(Stored entries)

*** Begin section ***

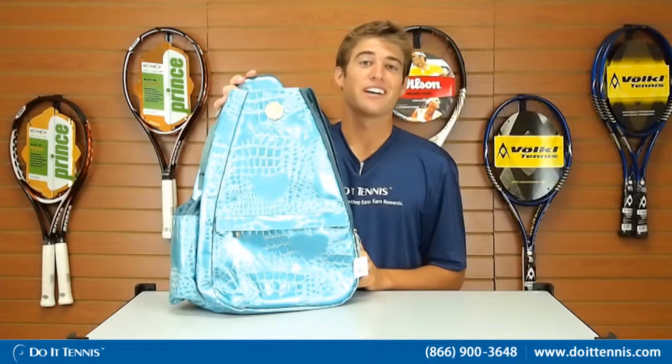So this is the Aquamarine Jet Small Sling Bag, and you can find it at Do It Tennis.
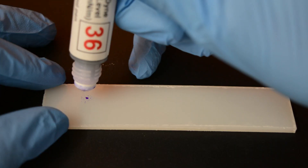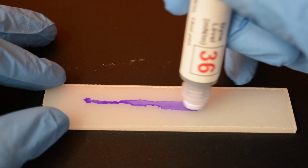If the liquid remains as a film for at least three seconds, your material substrate will have a minimum surface energy of that ink value. Should the ink draw back, then the surface energy of your substrate is lower than that of the ink.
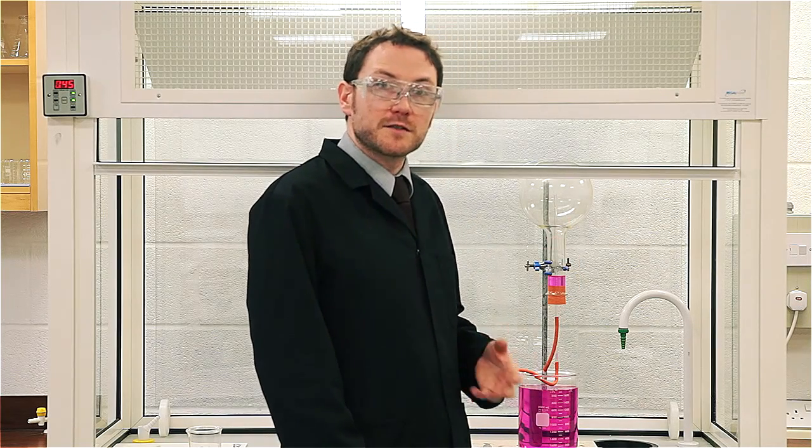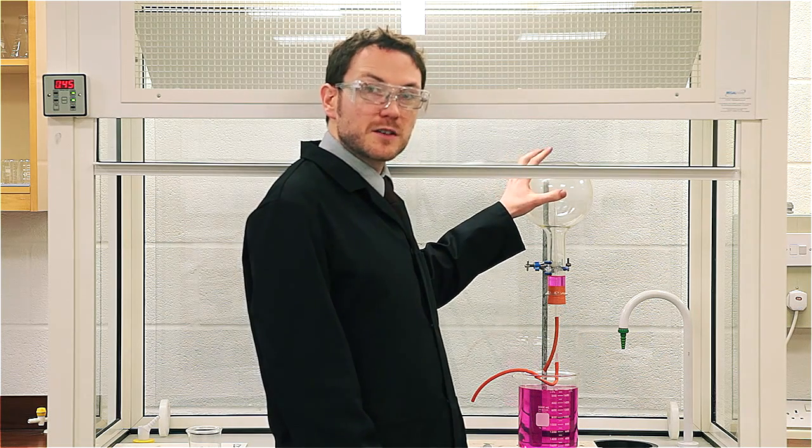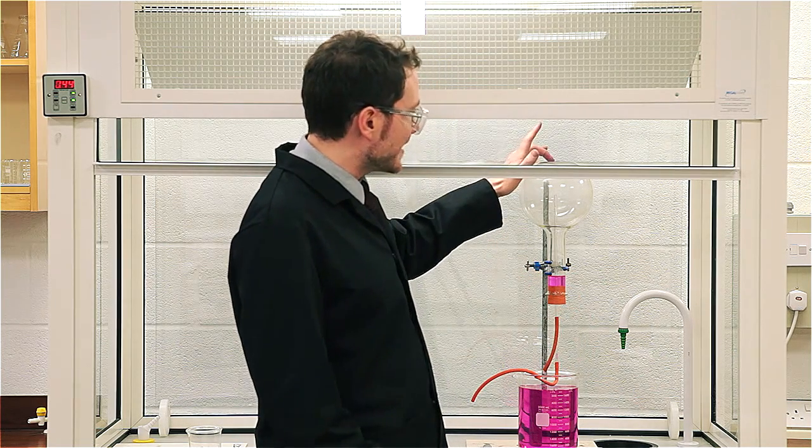You'll notice that I've drained the flask because it was quite top heavy. But this alkaline condition that we form in the top flask is actually really beneficial to our luminol reaction. Instead of drawing up liquid from one flask, we can draw up from two and allow them to react inside the jet.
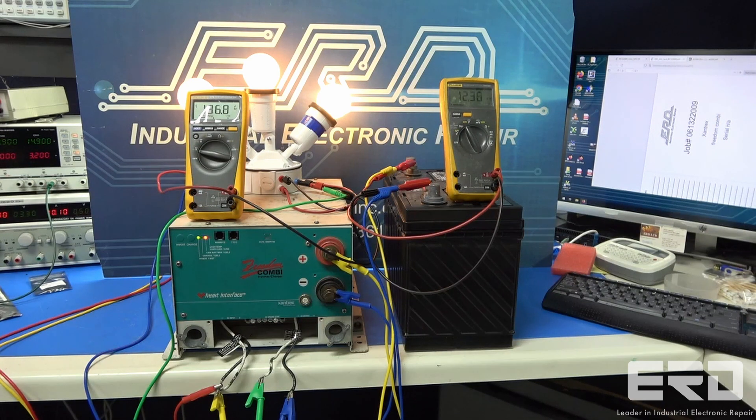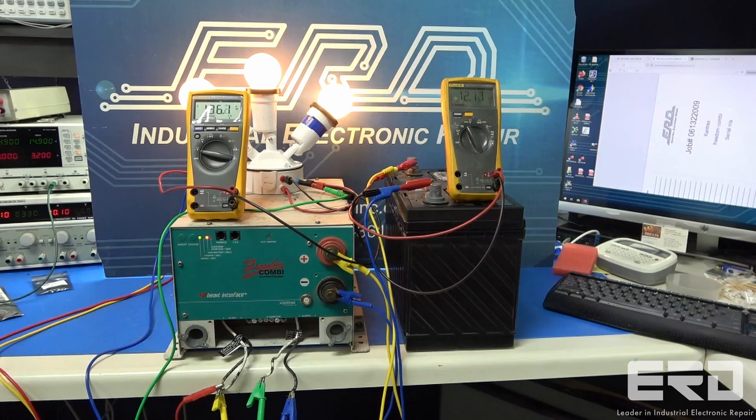AC sine wave inverters such as this Xantrex are fairly complex, but are generally fully repairable, and we have enough battery arrays to be able to test any of the most common available types.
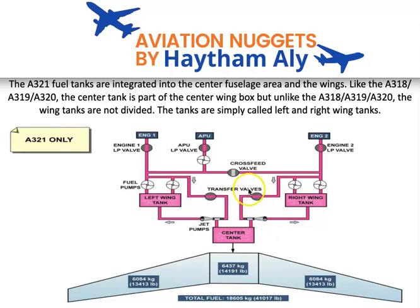The transfer system operates only when the transfer valve is open and the booster pump on the wing side is operating. Some fuel will then flow through the mechanical jet pump, applying the Bernoulli principle to suck fuel from the center tank into the wing tank. If the transfer valve is closed, no transfer of fuel from the center tank to the wing tank occurs.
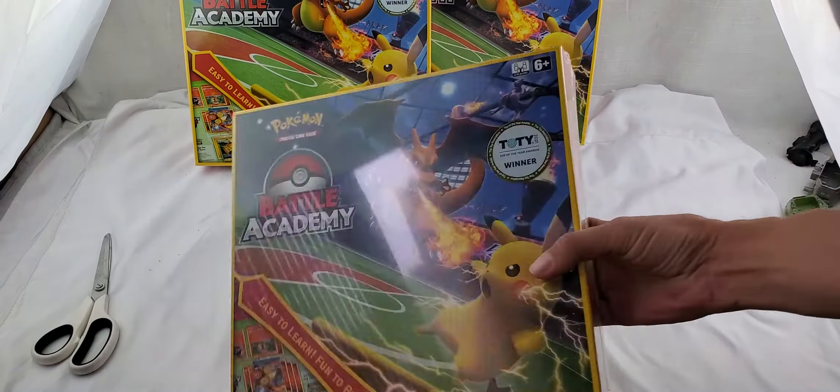These ones have a sticker on them. I was noticing it says 'Toy of the Year Awards' — it's a winner.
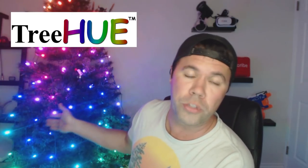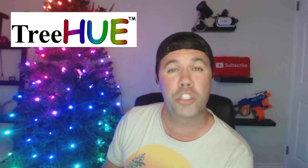Well ho ho ho YouTube. Welcome back to Gadget Jeff TV and today we're gonna be reviewing TreeHue - the smart Christmas tree lights that you control with your phone. It's coming up next.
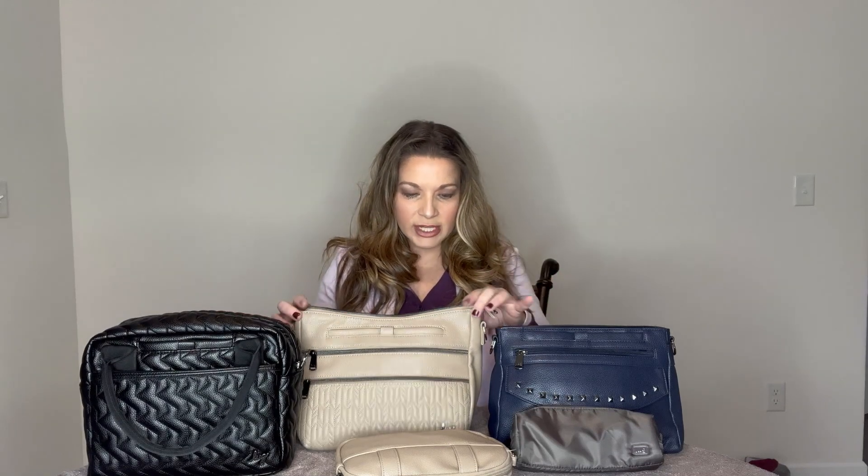I also wanted to mention the zippers: on the Jive they are tonal zippers with gunmetal zipper pulls; on the Slider they are gunmetal zippers with gunmetal pulls; on the Pacer they are tonal zippers with gunmetal pulls. I hope this comparison was helpful. If you're trying to decide between these bags I like to go in depth so you can make an educated decision. Please give it a thumbs up if you enjoyed this video - hope to see you in my next one!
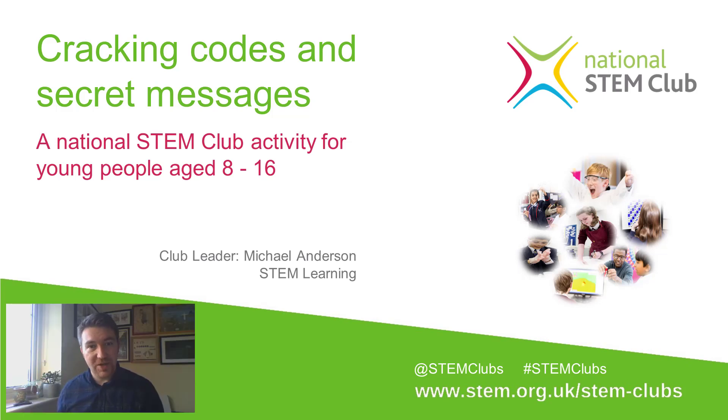Hello, and welcome to National STEM Club. My name is Michael Anderson. I work at the National STEM Learning Center in York, and today we're going to explore Caesar ciphers.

*** End section ***

■ **Task directions**
Give the lines again exactly, starting where the entries begin and stopping once the line with "Well ho ho ho" is included; pictures are not copied.

■ **Answer section**
So this is the Aquamarine Jet Small Sling Bag, and you can find it at Do It Tennis.
If the liquid remains as a film for at least three seconds, your material substrate will have a minimum surface energy of that ink value. Should the ink draw back, then the surface energy of your substrate is lower than that of the ink.
You'll notice that I've drained the flask because it was quite top heavy. But this alkaline condition that we form in the top flask is actually really beneficial to our luminol reaction. Instead of drawing up liquid from one flask, we can draw up from two and allow them to react inside the jet.
AC sine wave inverters such as this Xantrex are fairly complex, but are generally fully repairable, and we have enough battery arrays to be able to test any of the most common available types.
The transfer system operates only when the transfer valve is open and the booster pump on the wing side is operating. Some fuel will then flow through the mechanical jet pump, applying the Bernoulli principle to suck fuel from the center tank into the wing tank. If the transfer valve is closed, no transfer of fuel from the center tank to the wing tank occurs.
These ones have a sticker on them. I was noticing it says 'Toy of the Year Awards' — it's a winner.
Well ho ho ho YouTube. Welcome back to Gadget Jeff TV and today we're gonna be reviewing TreeHue - the smart Christmas tree lights that you control with your phone. It's coming up next.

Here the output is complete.